### [Problem to work on]
Unless a line falls after the one with "2 Piece Set", retype it exactly from the records below; leave out all pictures.
####################
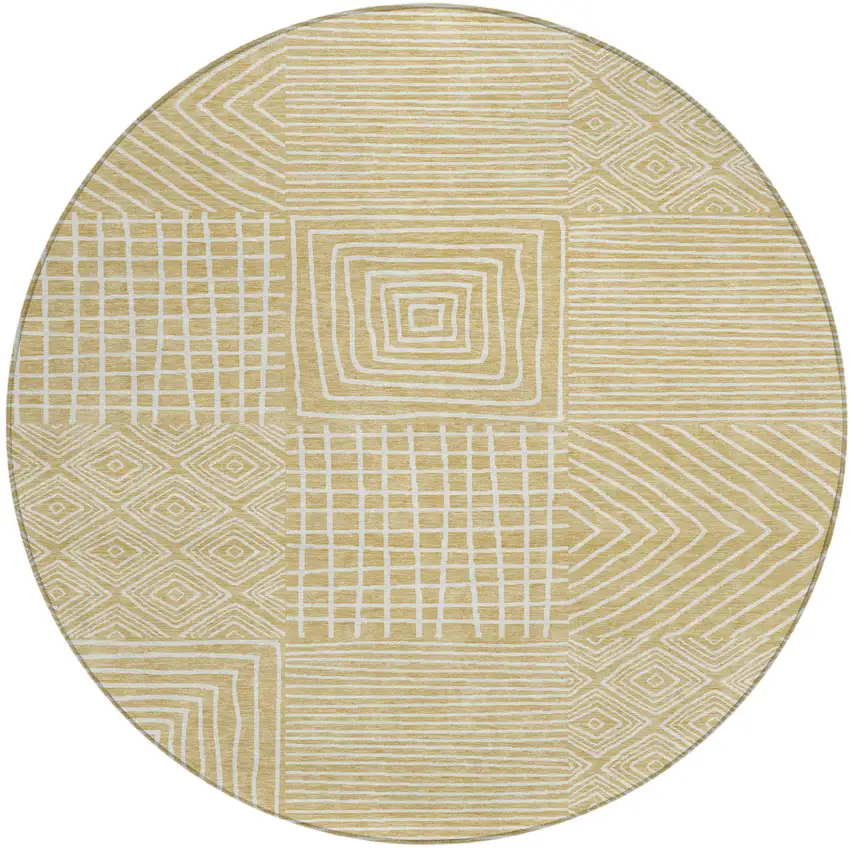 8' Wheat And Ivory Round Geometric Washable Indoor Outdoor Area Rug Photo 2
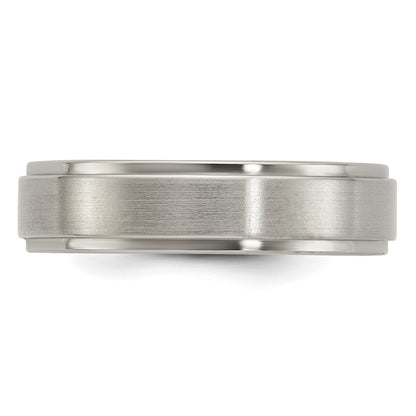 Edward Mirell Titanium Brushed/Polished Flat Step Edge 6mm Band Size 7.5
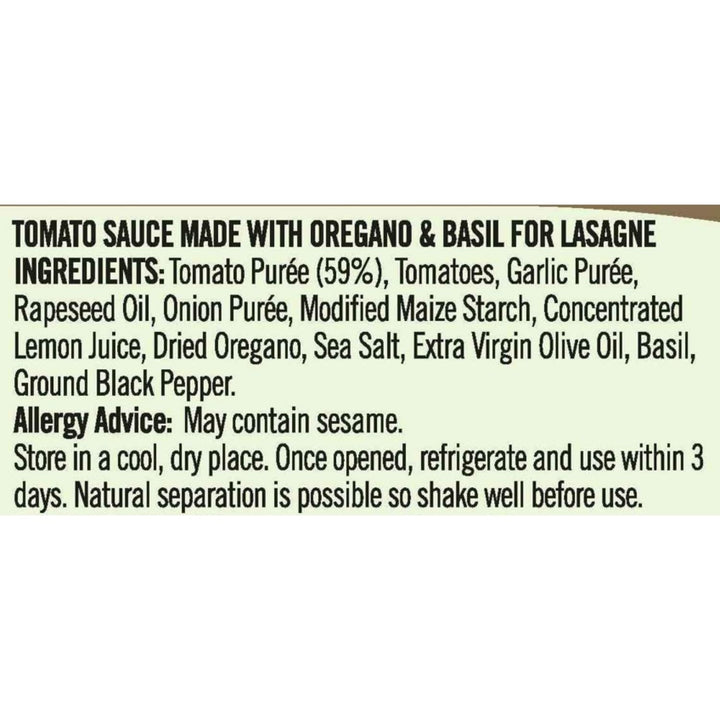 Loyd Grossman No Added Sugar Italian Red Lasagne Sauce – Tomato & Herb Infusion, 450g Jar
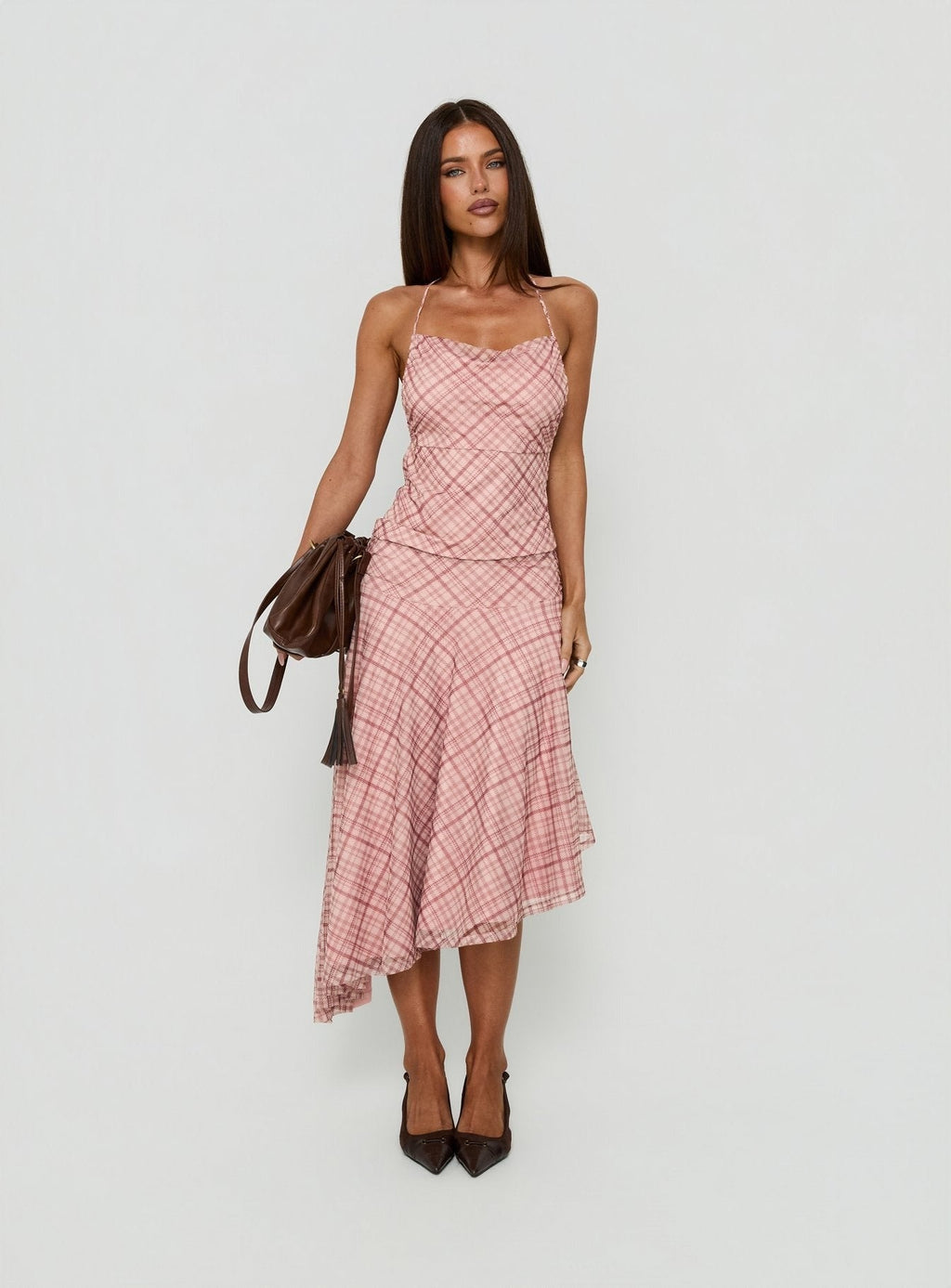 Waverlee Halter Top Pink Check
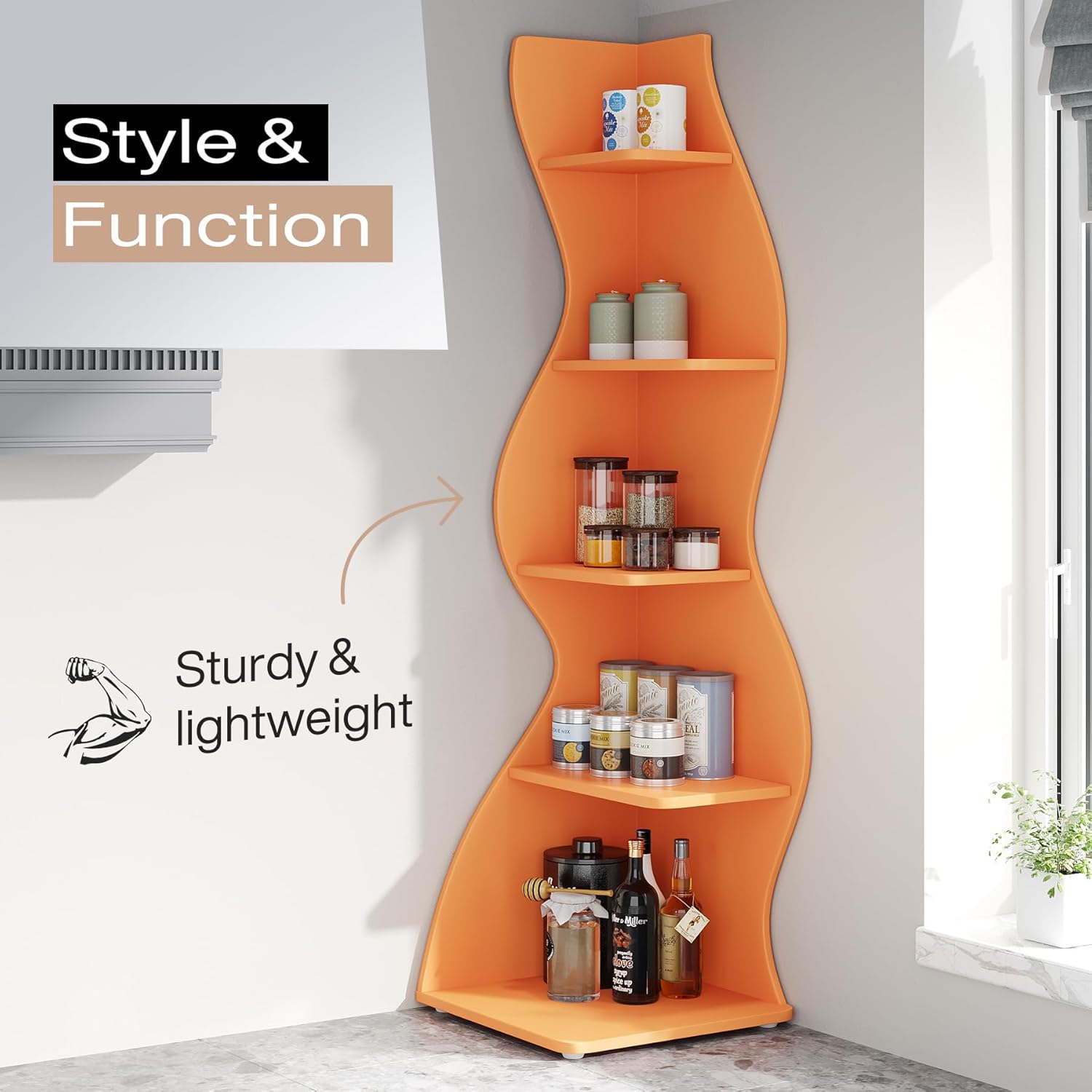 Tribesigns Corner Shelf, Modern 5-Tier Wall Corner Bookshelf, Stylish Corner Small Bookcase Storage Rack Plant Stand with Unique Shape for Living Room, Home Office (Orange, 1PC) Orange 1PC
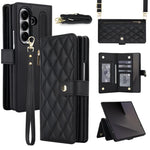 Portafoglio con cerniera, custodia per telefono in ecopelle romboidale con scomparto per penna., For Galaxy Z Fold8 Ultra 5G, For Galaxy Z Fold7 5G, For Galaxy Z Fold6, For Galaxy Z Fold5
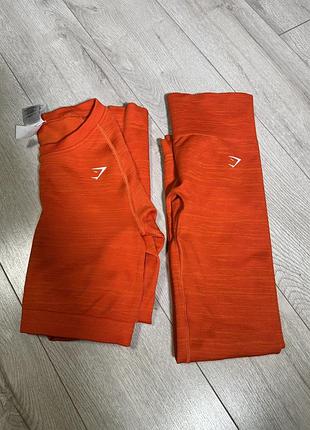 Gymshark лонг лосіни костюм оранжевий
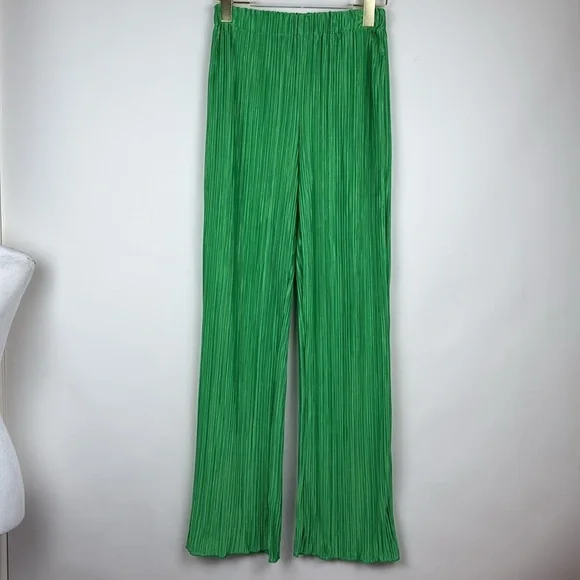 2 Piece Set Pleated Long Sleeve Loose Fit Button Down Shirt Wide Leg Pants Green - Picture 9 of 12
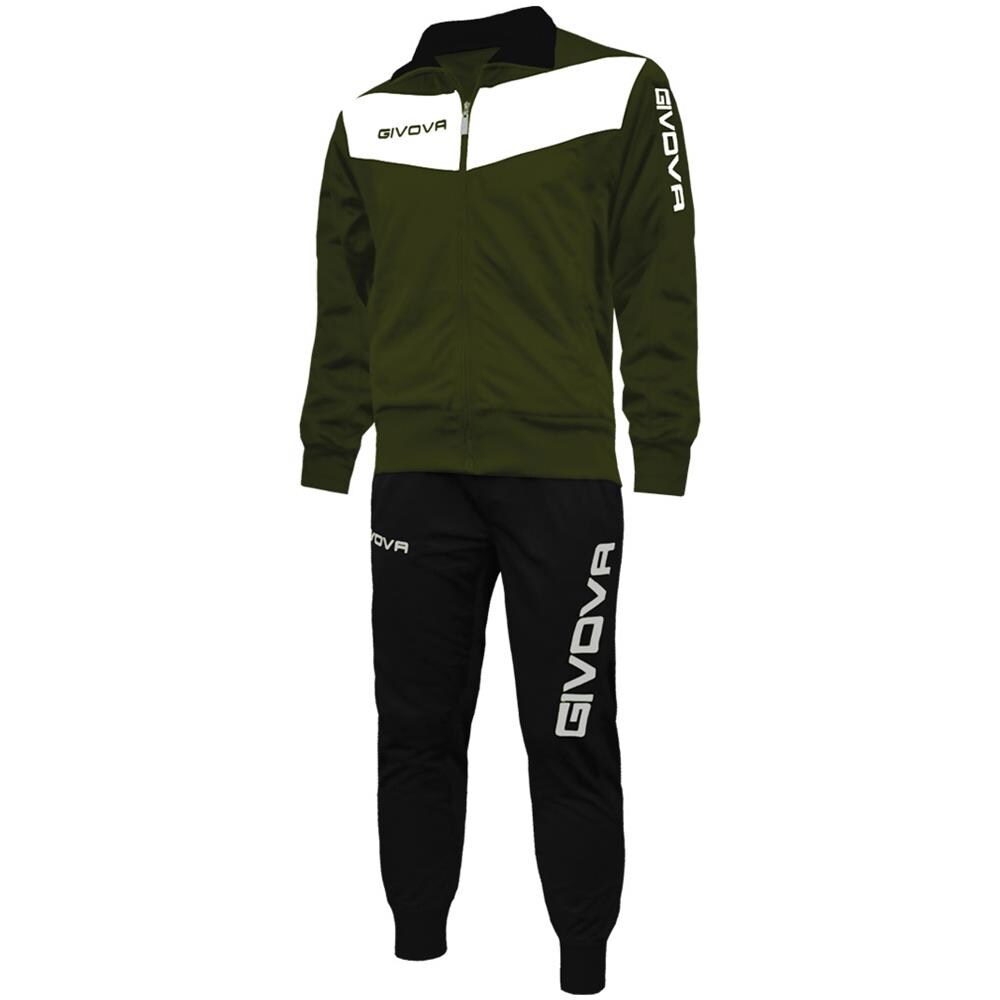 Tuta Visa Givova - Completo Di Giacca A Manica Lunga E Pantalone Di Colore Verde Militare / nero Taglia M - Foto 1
####################
### [Exercise solution]
 8' Wheat And Ivory Round Geometric Washable Indoor Outdoor Area Rug Photo 2
 Edward Mirell Titanium Brushed/Polished Flat Step Edge 6mm Band Size 7.5
 Loyd Grossman No Added Sugar Italian Red Lasagne Sauce – Tomato & Herb Infusion, 450g Jar
 Waverlee Halter Top Pink Check
 Tribesigns Corner Shelf, Modern 5-Tier Wall Corner Bookshelf, Stylish Corner Small Bookcase Storage Rack Plant Stand with Unique Shape for Living Room, Home Office (Orange, 1PC) Orange 1PC
 Portafoglio con cerniera, custodia per telefono in ecopelle romboidale con scomparto per penna., For Galaxy Z Fold8 Ultra 5G, For Galaxy Z Fold7 5G, For Galaxy Z Fold6, For Galaxy Z Fold5
 Gymshark лонг лосіни костюм оранжевий
 2 Piece Set Pleated Long Sleeve Loose Fit Button Down Shirt Wide Leg Pants Green - Picture 9 of 12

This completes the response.